# Magic wednesday



## billski (Feb 24, 2010)

12-15" and growing.  Heavy snow no wind
orgasmic conditions
not coming back till spring


----------



## WJenness (Feb 24, 2010)

Have fun Bill!

Wish I was there...

-w


----------



## WinnChill (Feb 24, 2010)

Enjoy!  Winds should pick up this PM...can you be our slopeside observer and post an update later on?  I can tell only so much from radar/satellite and those little wind barbs.

:beer:


----------



## rocojerry (Feb 24, 2010)

wishing I was there.


----------



## mtl1076 (Feb 24, 2010)

WinnChill said:


> Enjoy!  Winds should pick up this PM...can you be our slopeside observer and post an update later on?  I can tell only so much from radar/satellite and those little wind barbs.
> 
> :beer:



Bill is still up skiing, but I just measured 24" on the deck, which was up to 26" before it compacted.  An easy 30"+ up top.  

Today was silly deep.


----------



## bvibert (Feb 24, 2010)

mtl1076 said:


> Bill is still up skiing, but I just measured 24" on the deck, which was up to 26" before it compacted.  An easy 30"+ up top.
> 
> Today was silly deep.



Pics?!?!?!?!?


----------



## gmcunni (Feb 24, 2010)

bvibert said:


> Pics?!?!?!?!?



i really hope rusty groomer guys are out there and we get a POV tonight.


----------



## mtl1076 (Feb 24, 2010)

I've got one pic up as the pic of the day from this morning before I took a tree to the leg.  I will have a bunch of $$$ shots from friends rolling in tonight.  

It was reall quite impressive how fast everything piled up.


----------



## bvibert (Feb 24, 2010)

mtl1076 said:


> I've got one pic up as the pic of the day from this morning before I took a tree to the leg.  I will have a bunch of $$$ shots from friends rolling in tonight.
> 
> It was reall quite impressive how fast everything piled up.

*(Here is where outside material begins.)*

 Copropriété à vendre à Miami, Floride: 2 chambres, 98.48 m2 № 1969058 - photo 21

http://magicmtn.com/pixoftheday.php

Crazy!  Keep us updated with the stoke!


----------



## bvibert (Feb 24, 2010)

mtl1076 said:


> I've got one pic up as the pic of the day from this morning before I took a tree to the leg.  I will have a bunch of $$$ shots from friends rolling in tonight.
> 
> It was reall quite impressive how fast everything piled up.



BTW - sorry to hear about the tree to the leg.  I hope it's not too serious!


----------



## polski (Feb 24, 2010)

Bill, TR or it didn't happen :razz:

Seriously, we need a green-with-envy emoticon.


----------



## billski (Feb 24, 2010)

*suffer!*



polski said:


> Bill, TR or it didn't happen :razz:
> 
> Seriously, we need a green-with-envy emoticon.

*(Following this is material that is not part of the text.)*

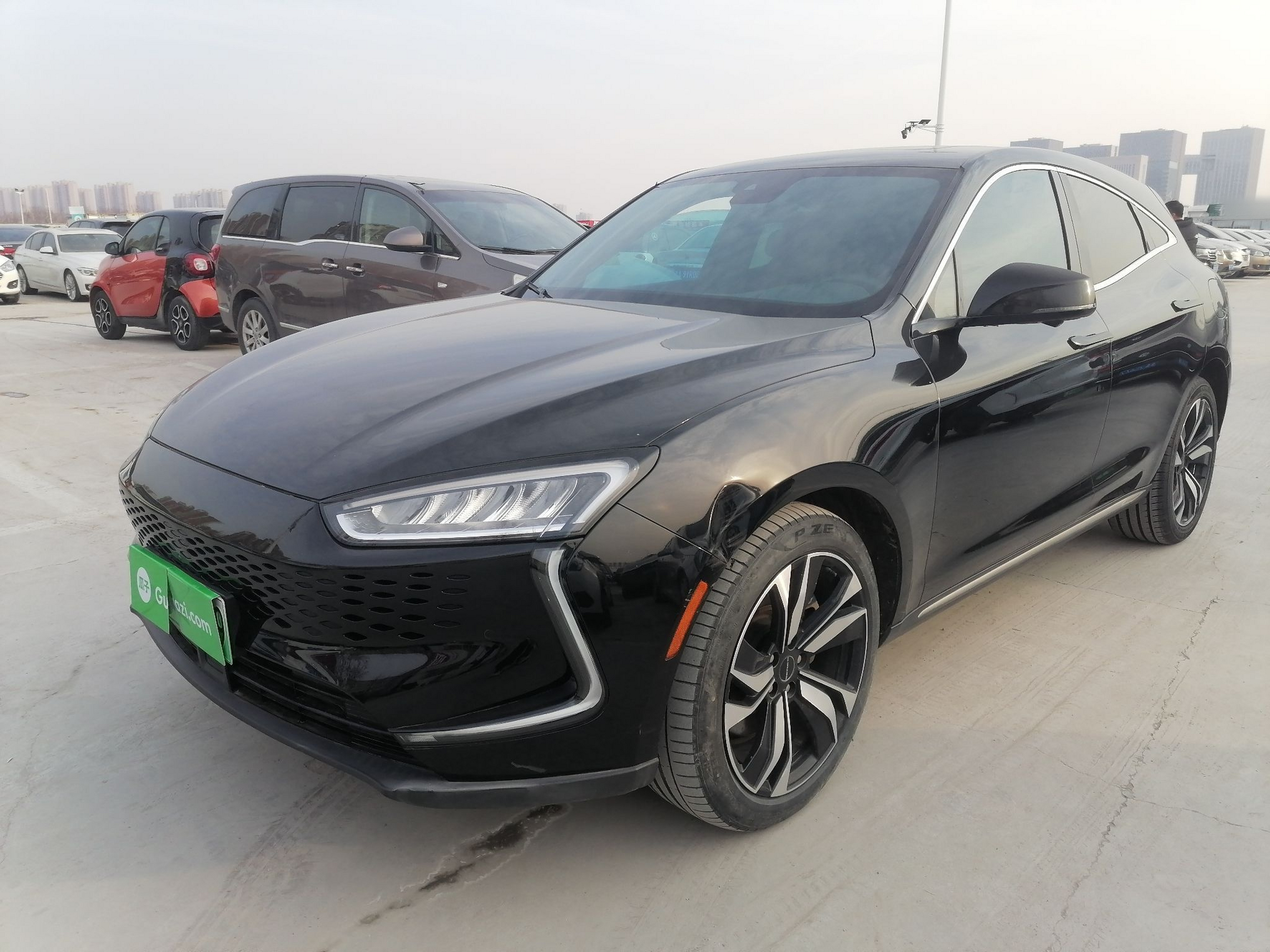 Под передней частью автомобиля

Tomorrow.  Going to bed.  T
Rivercoil managed to ek out a few words before he died.
Roark got a few pics out before he passed out.
http://forums.alpinezone.com/showthread.php?t=72534&page=3
Everything they say is truth and more, including the avalanche and the bus that jammed it self across the road.
I'll tell you about the guy from Utah who said we have more snow than he does back home.  And tons more stories.  It's all about the snow.

What Matt said is true: http://magicmtn.com/snowreport.php
He's actually agonizingly honest!

Warning: I am heading for Bolton/Stowe on Friday.  Follow me or regret it!!!!


----------



## billski (Feb 24, 2010)

WinnChill said:


> Enjoy!  Winds should pick up this PM...can you be our slopeside observer and post an update later on?  I can tell only so much from radar/satellite and those little wind barbs.
> 
> :beer:


Weather:
Snowed all day, about 2" an hour.  Impossible to keep chairs clear.  I had to brush myself off when I got to the top of the lift.  My clothes were soaking wet by 11AM.  So were everyone elses.

12" on the car at 6AM.  12" MORE inches on the car at 5PM.  Lower mountain had hail from about 3-330, then back to snow.  Snow consistency was heavy, but not moist enough to make a snowball.  When you hit the pockets, the snow just exploded all about.  32 degrees all last night, and stayed so all day.  Magic is at about 1300 feet el.  Out route 11 the snowplow piles were higher than my car, where there was nothing yesterday.  The plow guys did an admirable job but could not keep up with it.  2-4" on the road was common.  Love those snow tires!  Homebound, when I got to 91, elevation about 500 feet, the roads became wet, and the precip began a changeover.  By Brattleboro it was rain.  By Mass line it was 35F.  Westbound on rte 2, it just got uglier and uglier brown and rain.

I am praying for no disaster at higher els for this weekend.

Thanks for all the tips and data Winchill!


----------



## billski (Feb 24, 2010)

WinnChill said:


> Enjoy!  Winds should pick up this PM...can you be our slopeside observer and post an update later on?  I can tell only so much from radar/satellite and those little wind barbs.
> 
> :beer:



Zero winds all day (I left at 5pm).  We did lose power for a few mins though; does that count?


----------